Let $f: D \to\ \mathbb{R}$ be a lower semicontinuous function defined over the nonempty closed and bounded domain $D \subseteq E$, where $E$ is a Euclidean space. Then $f$ admits a global minimizer $x^* \in D$, that is \[ f(x^*) \le f(x) \quad \forall\,x\in D. \]
Proof. Let $m := \inf f(D)$, where $m$ might be $-\infty$, and let $\{x_i\} \to m$ be a sequence converging to $m$. Since $\{x_i\}$ is a bounded sequence, by Bolzano-Weierstrass there must exist a subsequence $\{x_{k_i}\}$ converging to some $x^* \in D$. Since every subsequence of a converging sequence converges to the same limit, we have $\lim f(x_{k_i}) = m$. Using the fact that $f$ is lower semicontinuous, we have that $f(x^*) \le m$, which by construction of $m$ implies $f(x^*) = m$. $\square$ An immediate consequence of Weierstrass’ theorem is that if $f$ is continuous and it has a bounded sublevel set, then $f$ achieves a global minimizer on $E$:
Corollary 1.
Let $f: E \to\,\mathbb{R}$ be a lower semicontinuous function with a bounded sublevel set $S_\alpha := \{x \in E: f(x) \le \alpha\}$. Then $f$ has a global minimizer $x^* \in E$.
Proof. Note that $S_\alpha = f^{-1}((-\infty, \alpha])$ is closed (by definition of lower semicontinuous function). Since by hypothesis $S_\alpha$ is bounded, by Weierstrass’ theorem above there exists $x^* \in S_\alpha$ such that $f(x^*) \le f(x)$ for all $x \in S_\alpha$. Since $f(x) \le f(y)$ for all $x \in S_\alpha, y\notin S_\alpha$, we conclude that $f(x^*) \le f(x)$ for all $x \in E$. $\square$

2.1. Coercive functions

It turns out that in practice we can relax Corollary 1 and use a much weaker condition.
Definition 1 (Coercive function).
A function $f: D \to\, \mathbb{R}$ defined on a subset $D$ of the Euclidean space $E$ is called coercive if $f(x) \to \infty$ as $\|x\|\to\infty$.
A direct consequence of the definition above is that all sublevel sets of a coercive function are bounded. Hence, the following is an easy corollary of Corollary 1.
Corollary 2.
Let $f: E \to\,\mathbb{R}$ be a lower semicontinuous coercive function. Then $f$ has a global minimizer $x^* \in E$.

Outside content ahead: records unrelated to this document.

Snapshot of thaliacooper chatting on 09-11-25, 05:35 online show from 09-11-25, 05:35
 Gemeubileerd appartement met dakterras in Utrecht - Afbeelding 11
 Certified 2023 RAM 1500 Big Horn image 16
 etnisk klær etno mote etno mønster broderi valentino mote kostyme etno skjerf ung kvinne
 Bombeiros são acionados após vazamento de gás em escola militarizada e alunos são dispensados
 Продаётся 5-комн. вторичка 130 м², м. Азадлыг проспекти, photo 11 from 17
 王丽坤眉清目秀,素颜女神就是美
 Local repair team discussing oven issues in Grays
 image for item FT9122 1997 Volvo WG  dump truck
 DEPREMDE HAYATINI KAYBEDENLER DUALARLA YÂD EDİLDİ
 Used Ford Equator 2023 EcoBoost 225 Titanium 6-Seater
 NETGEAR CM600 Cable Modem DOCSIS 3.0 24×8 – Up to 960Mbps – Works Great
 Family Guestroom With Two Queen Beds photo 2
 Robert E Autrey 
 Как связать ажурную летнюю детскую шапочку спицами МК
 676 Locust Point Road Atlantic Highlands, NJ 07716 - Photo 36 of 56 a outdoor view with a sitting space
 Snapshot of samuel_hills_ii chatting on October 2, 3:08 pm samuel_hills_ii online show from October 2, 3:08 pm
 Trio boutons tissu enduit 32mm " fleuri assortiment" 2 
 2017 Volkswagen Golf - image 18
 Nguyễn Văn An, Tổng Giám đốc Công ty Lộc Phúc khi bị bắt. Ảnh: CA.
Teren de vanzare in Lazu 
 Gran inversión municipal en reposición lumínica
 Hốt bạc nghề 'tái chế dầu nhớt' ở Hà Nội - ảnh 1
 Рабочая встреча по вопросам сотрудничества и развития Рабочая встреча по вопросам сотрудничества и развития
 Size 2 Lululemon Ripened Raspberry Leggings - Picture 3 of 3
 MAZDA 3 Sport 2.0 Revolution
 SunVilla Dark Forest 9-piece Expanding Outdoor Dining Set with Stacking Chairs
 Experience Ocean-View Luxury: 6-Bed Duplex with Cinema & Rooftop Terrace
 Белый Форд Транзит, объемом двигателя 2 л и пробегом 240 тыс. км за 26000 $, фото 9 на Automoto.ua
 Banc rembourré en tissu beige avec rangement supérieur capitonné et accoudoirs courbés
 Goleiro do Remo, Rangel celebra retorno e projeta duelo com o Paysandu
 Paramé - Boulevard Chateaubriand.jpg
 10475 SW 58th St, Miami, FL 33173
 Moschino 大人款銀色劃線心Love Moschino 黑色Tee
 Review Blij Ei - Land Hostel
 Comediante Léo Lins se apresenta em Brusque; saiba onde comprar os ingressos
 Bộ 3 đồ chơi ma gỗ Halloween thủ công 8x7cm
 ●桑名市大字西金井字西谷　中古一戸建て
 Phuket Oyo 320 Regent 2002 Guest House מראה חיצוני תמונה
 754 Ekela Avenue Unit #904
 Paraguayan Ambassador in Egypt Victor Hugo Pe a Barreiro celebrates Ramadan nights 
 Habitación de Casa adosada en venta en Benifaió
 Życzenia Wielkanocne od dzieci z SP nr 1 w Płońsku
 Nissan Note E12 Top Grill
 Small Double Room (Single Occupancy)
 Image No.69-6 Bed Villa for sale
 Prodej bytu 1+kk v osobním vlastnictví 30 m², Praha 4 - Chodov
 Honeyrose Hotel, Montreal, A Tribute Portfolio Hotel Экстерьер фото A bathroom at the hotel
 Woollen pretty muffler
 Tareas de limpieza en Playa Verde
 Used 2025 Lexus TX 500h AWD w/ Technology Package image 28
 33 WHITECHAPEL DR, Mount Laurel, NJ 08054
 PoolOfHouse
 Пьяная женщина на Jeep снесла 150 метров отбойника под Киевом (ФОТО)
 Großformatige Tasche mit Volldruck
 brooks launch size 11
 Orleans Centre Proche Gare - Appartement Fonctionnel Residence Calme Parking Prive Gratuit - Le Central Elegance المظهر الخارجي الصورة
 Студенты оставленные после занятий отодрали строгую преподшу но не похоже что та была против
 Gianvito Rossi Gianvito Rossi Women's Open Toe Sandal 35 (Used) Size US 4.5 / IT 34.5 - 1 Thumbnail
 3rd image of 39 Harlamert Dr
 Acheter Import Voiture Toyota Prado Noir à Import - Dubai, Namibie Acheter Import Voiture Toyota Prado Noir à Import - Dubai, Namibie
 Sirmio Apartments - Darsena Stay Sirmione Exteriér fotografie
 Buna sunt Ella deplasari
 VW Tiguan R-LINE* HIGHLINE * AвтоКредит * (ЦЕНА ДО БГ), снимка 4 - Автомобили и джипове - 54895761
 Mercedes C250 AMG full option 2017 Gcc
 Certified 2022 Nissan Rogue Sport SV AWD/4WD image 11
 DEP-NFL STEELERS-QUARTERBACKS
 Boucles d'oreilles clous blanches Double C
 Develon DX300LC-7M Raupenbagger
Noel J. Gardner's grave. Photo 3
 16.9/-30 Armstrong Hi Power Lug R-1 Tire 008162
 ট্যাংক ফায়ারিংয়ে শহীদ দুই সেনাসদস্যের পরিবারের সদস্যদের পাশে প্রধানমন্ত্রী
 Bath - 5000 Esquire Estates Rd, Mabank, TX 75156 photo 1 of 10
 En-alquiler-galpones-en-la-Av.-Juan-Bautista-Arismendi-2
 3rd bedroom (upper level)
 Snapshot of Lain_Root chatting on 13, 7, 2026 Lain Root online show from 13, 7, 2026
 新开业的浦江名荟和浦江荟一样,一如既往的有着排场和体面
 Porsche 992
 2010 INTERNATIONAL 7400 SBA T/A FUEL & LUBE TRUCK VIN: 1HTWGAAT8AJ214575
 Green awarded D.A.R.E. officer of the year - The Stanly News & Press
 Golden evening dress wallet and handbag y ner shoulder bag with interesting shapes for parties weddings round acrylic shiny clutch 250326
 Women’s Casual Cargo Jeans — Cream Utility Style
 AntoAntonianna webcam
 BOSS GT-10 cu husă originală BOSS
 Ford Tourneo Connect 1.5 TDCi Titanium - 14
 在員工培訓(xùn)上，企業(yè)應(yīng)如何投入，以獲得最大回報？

3. Existence of small gradients

When $f$ is Gâteaux differentiable, the following well-known necessary condition can be proven:
Theorem 2 (Fermat).
Let $f: D \to\,\mathbb{R}$ be Gâteaux differentiable on the open domain $D \subseteq E$, where $E$ is a Euclidean space, and let $x^* \in D$ be a local minimizer of $f$. Then $\nabla f(x^*) = 0$.
Proof. By definition of local minimizer, and since $D$ is open, for each $d \in E$ we find that \[ f'(x^*; d) = \lim_{t \downarrow 0} (f(x + td) - f(x)) \ge 0 \] Since for a Gâteaux differentiable function it must be $f'(x^*; d) = -f'(x^*; -d)$, we conclude that $f'(x^*; d) = 0$ for all $d \in E$. Hence, $\nabla f(x^*) = 0$. $\square$ But what about cases where $f$ does not have any local minimizer (or maximizer)? Perhaps surprisingly, the following can be proven:
Theorem 3 (Approximate Fermat’s theorem).
Let $f: E \to\,\mathbb{R}$ be a Gâteaux differentiable, lower semicontinuous and lower bounded function. Then, for all $\epsilon > 0$ there exists $x_\epsilon \in E$ such that $\|\nabla f(x_\epsilon)\| \le \epsilon$.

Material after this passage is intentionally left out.